Snyder, a first-time feature director, and Gunn (whose penning of the Scooby-Doo movie's shouldn't unfairly bias you) have taken a lot of heat for, among other things, making their zombies quite so jet-propelled and making their characters quite so un-characterlike. Ana is the person we know best in this movie, and here's what we know about her: she's a nurse, her husband's dead (or, in a later character's parlance, "dead-ish"), her orderly suburban-Wisconsin street is trashed, she feels bad for chubby mailmen who get voted out of Survivor, and she doesn't think you should shoot people who aren't provably zombies. This is not a lot to go on, but it's perfectly suited to the film's purpose, where basic, improvised survival doesn't lead to a lot of sharing, nor does it accommodate a lot of diverse, character-revealing approaches. Because the remake has been thoughtfully cast, the acting is clever enough to make these characters seem like people we aren't quite meeting, rather than simple cyphers. For the same reason, when personal info does roll down the pike, as when we find out that so-and-so has a brother and so-and-so has kids (all of them, doubtless, dead-ish), the movie has been built to make those moments pop. They hurt. Dawn of the Dead isn't dillying around on-screen forgetting to "round out" its characters; it's a movie about characters who are unlikely to feel rounded out under the circumstances, and who may not be so "rounded" to begin with.

Romero's version was also famously skeptical about the roundedness of modern personalities. His small troupe of survivors were, by design, not appreciably more compelling than the sludgy, brainless zombies they were garrisoned against. I am perplexed that so many of the same reviewers that knock Snyder's version get all choked up at the memory of Romero's, endlessly praising its "satiric" value. Yeah, the original Dawn of the Dead works pretty well as a poke at the mindless zombism of consumerist culture, but whether this is enough of an insight to power a film that, at 126 minutes, is at least a quarter-hour too long strikes me as an open question. Particularly since I can't help noticing that a lot (not all) of the reviewers reiterating this line of well-known praise cry foul at the slightest suggestion of embedded cultural content or "overreading" analysis in pop films made today.

Romero's movie is not a slam dunk (though I think Night of the Living Dead is). There's plenty of room to remake it, especially since it functions well as a mood piece about timely anxieties, a sense of the world coming unhinged. The same anxieties obviously underline the present cultural moment, and Snyder's Dawn of the Dead so cunningly capitalizes on rampant social unease that it both embodies and feeds into that much-ballyhooed "culture of fear" at least as well as something like Fahrenheit 9/11 does. And Snyder is a smart, resourceful filmmaker, borrowing often from his idols but wholly proficient at giving this picture a tenor and a style of its own. For one, it's framed by the two most remarkable credits sequences of the year so far. The opening montage, which actually plays out about fifteen minutes into the movie, is a scalpel-sharp blend of televised mayhem, gruesome stock footage, and enervated video feeds: mass prayers, explosions in the streets, toppled buildings, all interspersed with jagged and blood-streaked credits, all of it scored to Johnny Cash's "The Man Comes Around," from the American recordings. Is this a whirlwind of recent news footage, or have Snyder & Co. built it from scratch? It's precisely to the point that either scenario is possible; we can't fully distinguish our own world from one overrun by zombies. (The final credit reel is even more of a doozy, but you have to sit through all of it to know why.)

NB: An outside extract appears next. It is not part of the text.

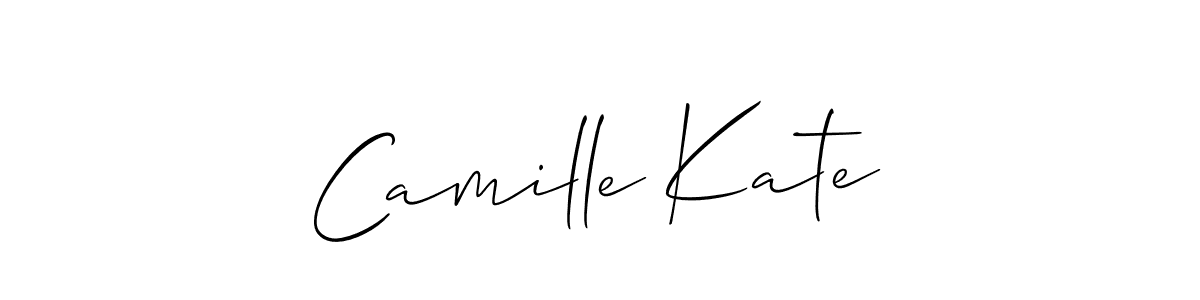 Allison_Script is a professional signature style that is perfect for those who want to add a touch of class to their signature. It is also a great choice for those who want to make their signature more unique. Get Camille Kate name to fancy signature for free. Camille Kate signature style 2 images and pictures png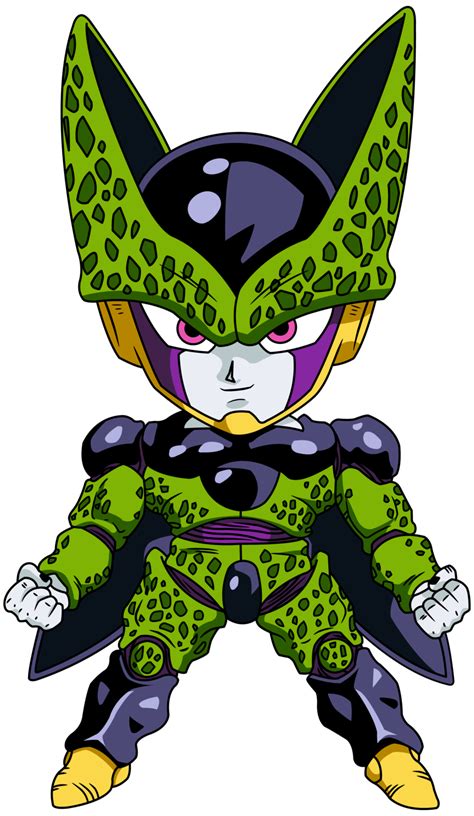 Piccolo faz sua primeira aparição como a reencarnação do vilão piccolo daimaoh no capítulo 167 do mangá. cell_perfecto_chibi_dragon_ball.png (900×1550 ...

This Dawn of the Dead seems to know, maybe better than Romero, that the material can support a generalized read of the culture but not any complex or sustained statement; the movie lives or dies (sorry!) as a style exercise, and by that standard, it is more than admirable. Matthew F. Leonetti, cinematographer of Kathryn Bigelow's Strange Days, that underseen gem of a techno-millennial romantic action blowout, works comparably well here with bold, high-contrast colors and controlled shots even of frenetic motion. The speed of the zombies would only seem like an MTV-era cheat if the camera, too, were racing and restless, but Dawn of the Dead favors mostly simple set-ups. The energy comes from the choreography of the set-pieces, the sequencing of the action, and the conviction of the actors, not from dizzying pans or Edward Scissorhanding in the editing room. The makeup and stunt work of the zombies is impressive, as are the purposefully graceless trips and falls of the main actors and the stunt people playing them. Characters are constantly knocking their heads or twisting their ankles in this movie, crashing their vehicles or losing their balance. Such clumsiness, occasioned by sheer panic, is perennially missing from horror films, except when a buxom young girl can't undo a door-lock in time. Here, though, almost as many people get hurt or killed by chaos associated with the zombies as by the zombies themselves: a totally non-diegetic car crash seen in an overhead shot when Ana first flees her house is an example of this collateral damage, to which all the characters remain vulnerable throughout the film. (One unforeseen demise toward the end of the movie is especially grisly, but just as true to the logic of what's happening.)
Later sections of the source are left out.